The Human Rights Monitoring Institute has provided its opinion on this Parliamentary draft bill, noting that stalking is dangerous, with serious consequence for the victim. Stalkers often seek unwanted contact with their targets, disrupting their lives, creating constant tension and anxiety, and restricting their freedom of action. Victims sometimes need to change their address and contact details, avoid visiting places they used to frequent, limit their interactions online and over social media, and constantly worry about their own safety as well as the safety of their children and loved ones.
The Institute emphasised that stalking may adversely affect victims’ mental health due to constant tension. Stalking is also dangerous because, in some cases, it is used to prepare for a more serious crime, such as physical or sexual assault.
According to a study of EU women conducted by the Fundamental Rights Agency in 2014, stalking is widespread.
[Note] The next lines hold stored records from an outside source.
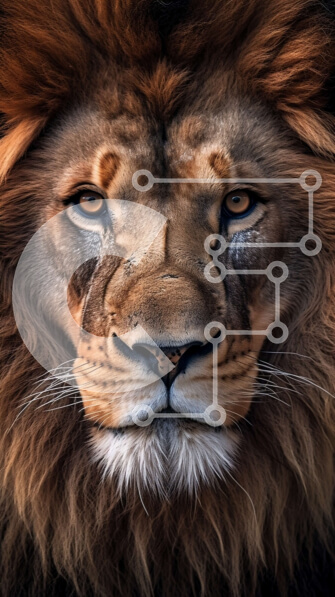 Σετ των 2 Intra Συλλεκτικό Ξύλινο Παζλ Plywood  4mm - Μαύρο και άσπρο σε κοντινή πλάνο Πρόσωπο λιονταριού με διαπεραστικά καστανά μάτια και σοβαρή έκφραση Σε Ξύλινο Κουτί - Διαστάσεις: 10x10 cm – 25 κομμάτια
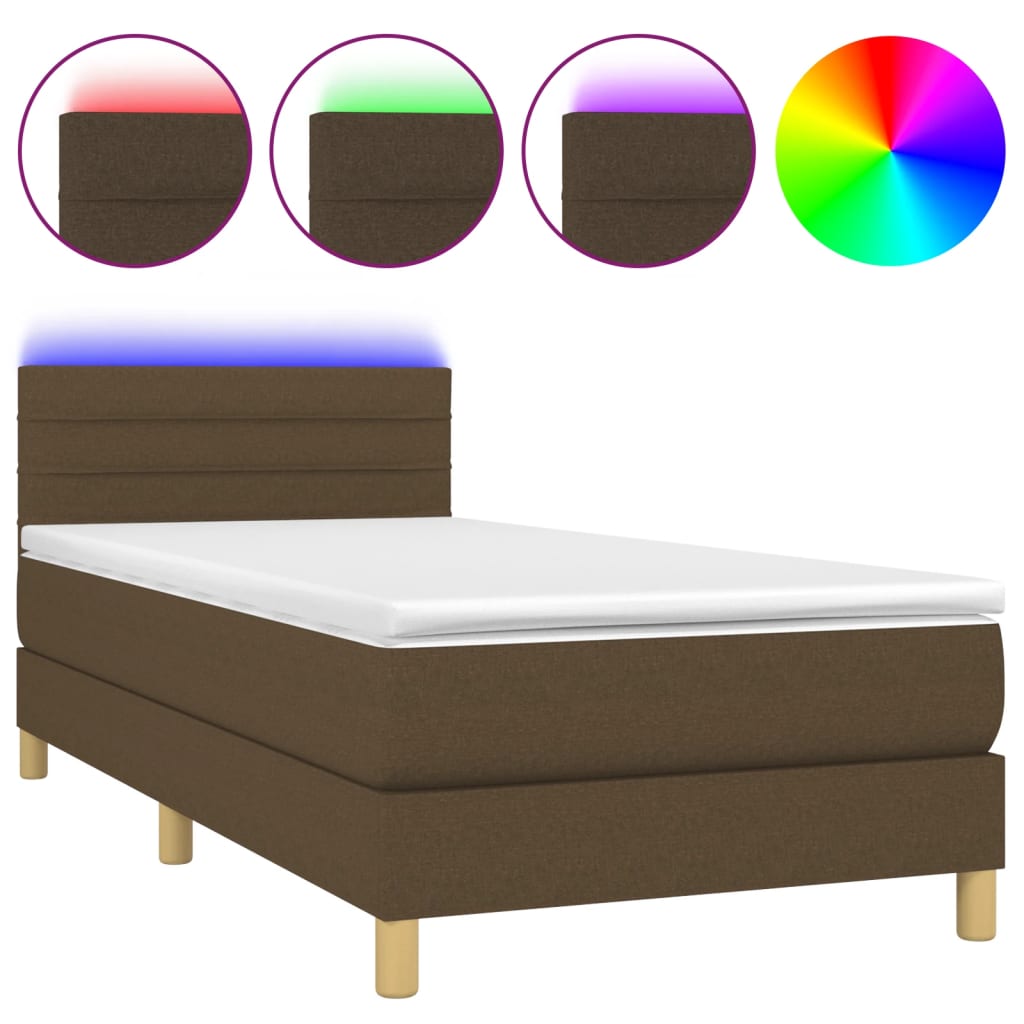 vidaXL Cama box spring con colchón LED tela marrón oscuro 80x200 cm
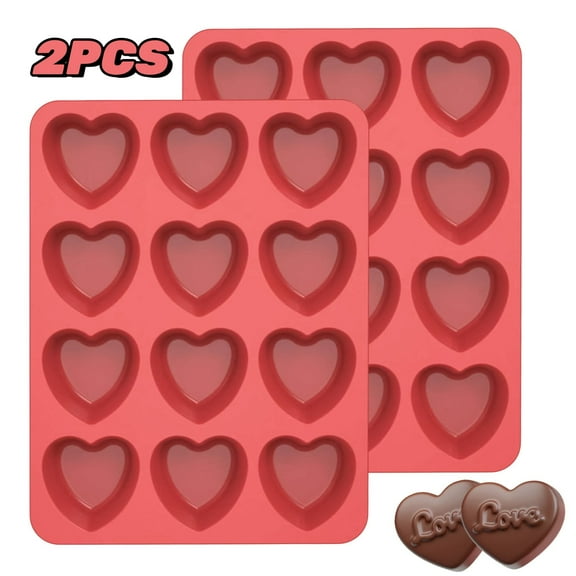 Valentines Heart Shaped Pan Silicone Heart Muffin Pan Nonstick Cupcake Molds for Baking Brownies Tartlets Egg Bites 2 Pack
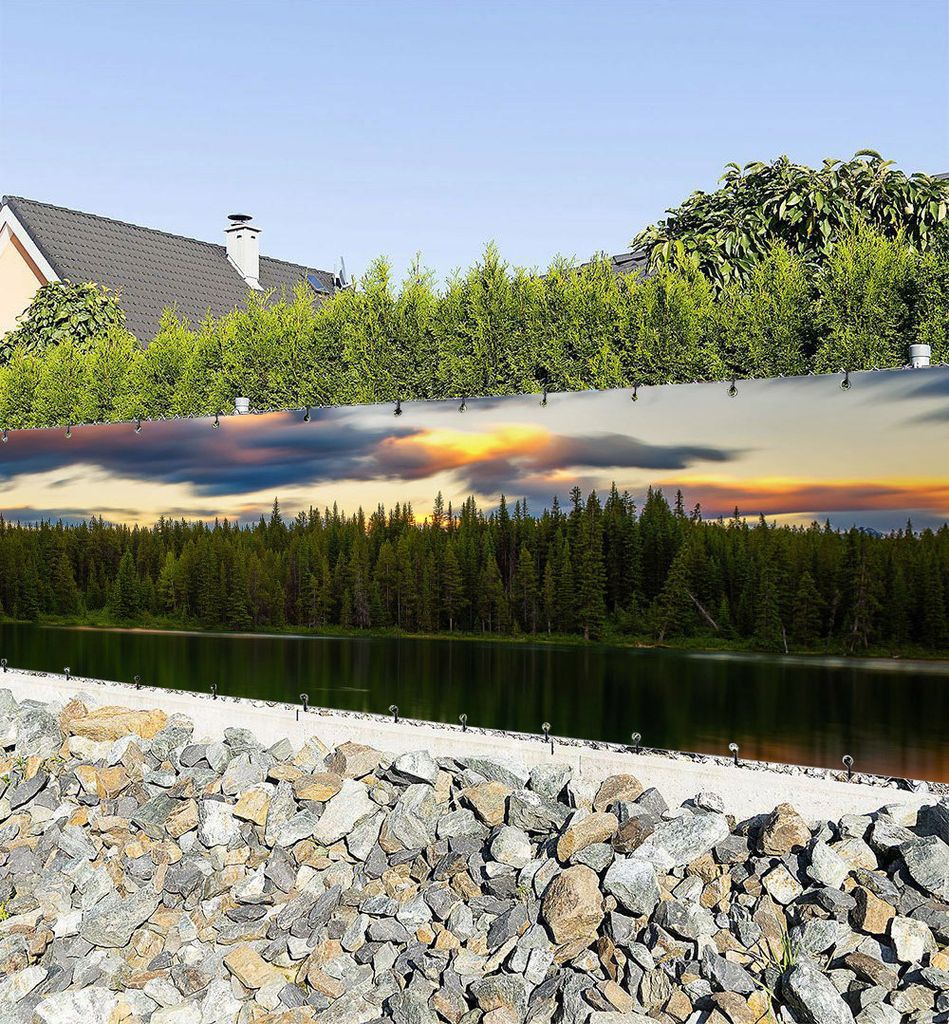 Zaunbanner Sonnenaufgang über dem Herbert See Sichtschutz Garten Zaun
No less than 18% of all participants claimed to have experienced it at some point since the age of 15, with 5% claiming to have been stalked in the last 12 months. The Fundamental Rights Agency found that as many as 74% cases of stalking are not dealt with by law enforcement agencies.
Based on a 2017 study on the trends concerning the criminalisation of stalking in the European Union, most EU states (21) have criminalised stalking, with Lithuania being one of the last countries that hasn’t.
In light of these circumstances, the Human Rights Monitoring Institute is of the view that stalking should be criminalised in Lithuania.